Pour l’illustrer et donner des gages de sa bonne volonté, Olivier Faure s’est dit prêt à reprendre des slogans chers aux écolos (« Pour le climat tout doit changer »), à Attac (« Ne pas opposer la fin du monde et la fin du mois »), au PCF (« L’humain d’abord ») et même au… NPA (« Nos vies valent mieux que leurs profits »). Mais il ne s’agit en l’espèce que de slogans, nullement des mesures que ceux qui les portent jugent nécessaires pour les concrétiser.

Cette volonté de rassemblement se heurte en interne aux résistances des nostalgiques de la gauche d’avant.
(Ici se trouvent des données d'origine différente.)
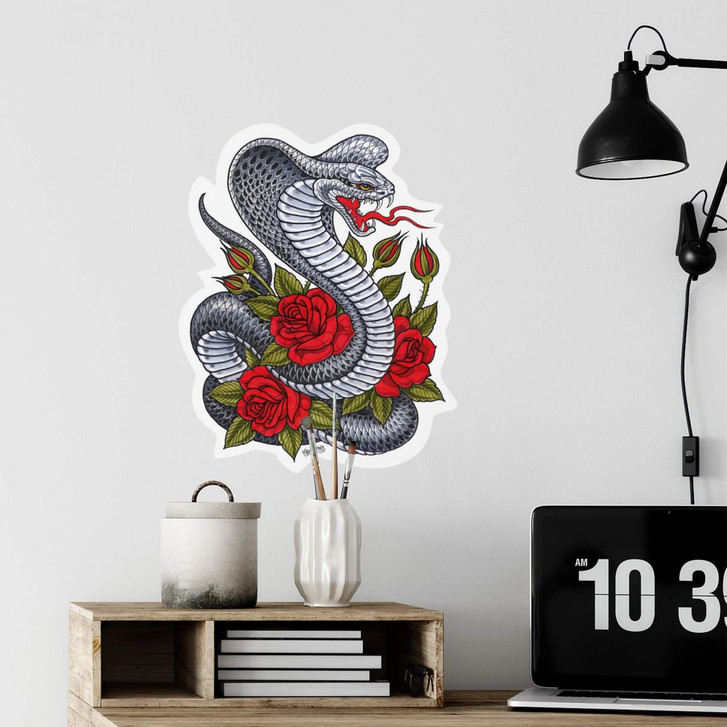 Wandsticker Miami Ink Kobra mit Rosen - WA201629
Quand le PS pouvait asseoir son hégémonie sur ce camp. François Rebsamen est l’un des plus virulents. Opposé à cette stratégie d’ouverture à gauche qui se mène, selon lui, « au détriment de l’identité du PS », le maire de Dijon a rappelé en clôture du séminaire de la Fédération nationale des élus socialistes et républicains (FNESER), dont il est le président, que son parti demeurait « le premier parti territorial de France », après les municipales. Raison pour laquelle il exclut que le PS se range derrière des écologistes dont certains partagent, selon lui, une « vision radicale, obscurantiste », qui « ne veulent plus du progrès social ».
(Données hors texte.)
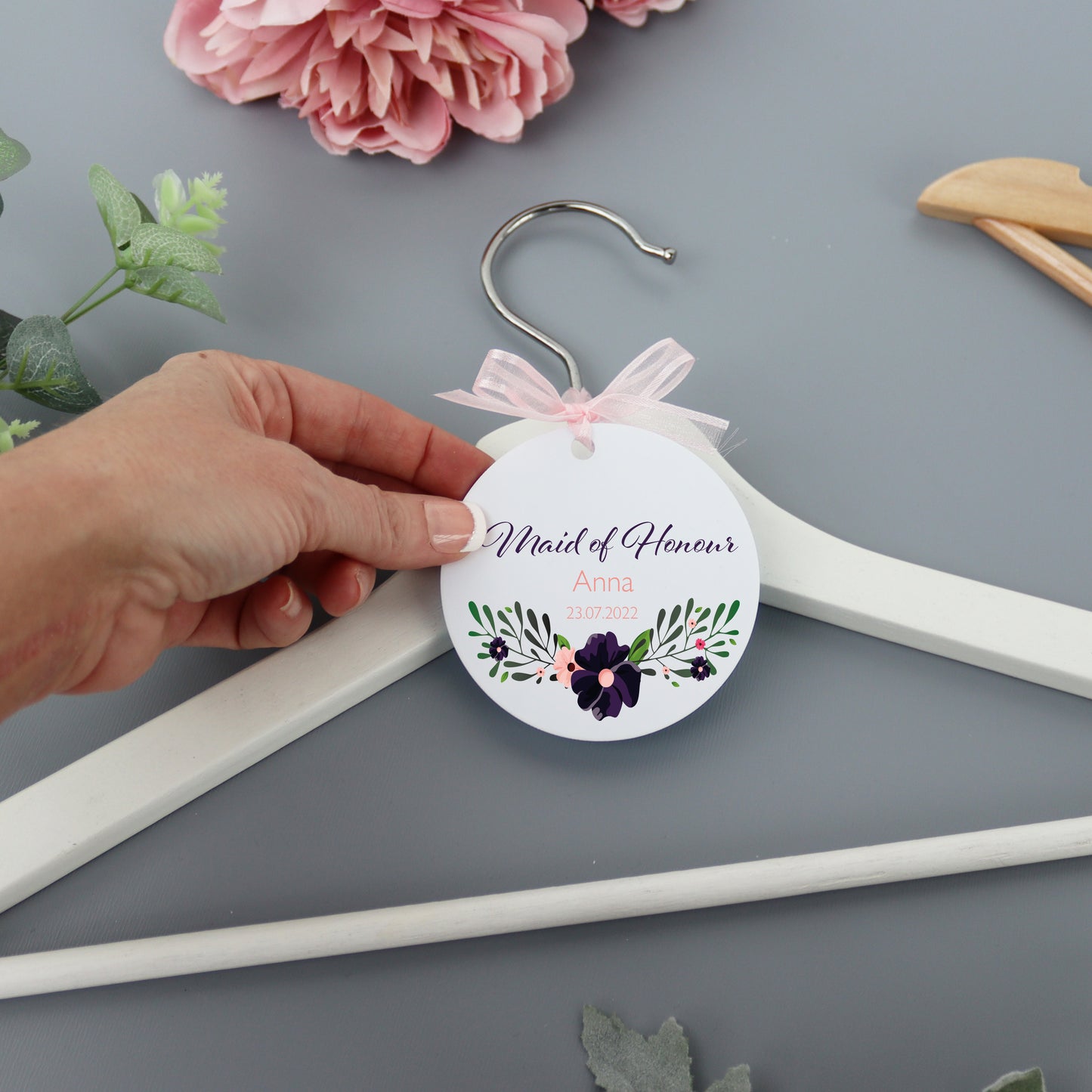 Personalised White Wedding Hanger Tag Purple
Un point de vue partagé par… François Hollande dans un entretien à Ouest-France, samedi. L’ancien président failli estime que le PS « a le devoir » d’être « la force centrale » à gauche, et ne doit « se rallier » ni à une candidature écologiste ni à Jean-Luc Mélenchon pour 2022. Dans un registre voisin, Stéphane Le Foll, maire du Mans, réclame une « refondation » du PS. Celle-ci, déclare-t-il dans Le Journal du dimanche (30 août), ne peut se faire dans le congrès prévu d’ici à la fin de l’année mais nécessite des « états généraux des socialistes et de la gauche » qui, au terme de six mois de débats, déboucheraient sur « un nouveau mouvement ».

L’appel au rassemblement ne rencontre également qu’un intérêt poli des écologistes d’EELV. Intéressés par la constitution d’une coalition en 2022 qui adouberait leur candidat, ces derniers ont déjà annoncé pour 2021 qu’il y a aura dans toutes les régions un candidat écologiste. Y compris contre les présidents PS de celles-ci, le scrutin permettant de se compter au premier tour et de fusionner au second. L’union, si elle voit le jour, se construira aussi sur un rapport de force électoral. À condition de ne pas être éliminé au premier tour, comme cela avait été le cas en 2015 dans les Hauts-de-France et en Paca.

(1) Allié à EELV et d’autres partis de gauche (PCF, Génération·s…), le PS a engrangé 14 villes de plus de 100 000 habitants et 84 de plus de 20 000.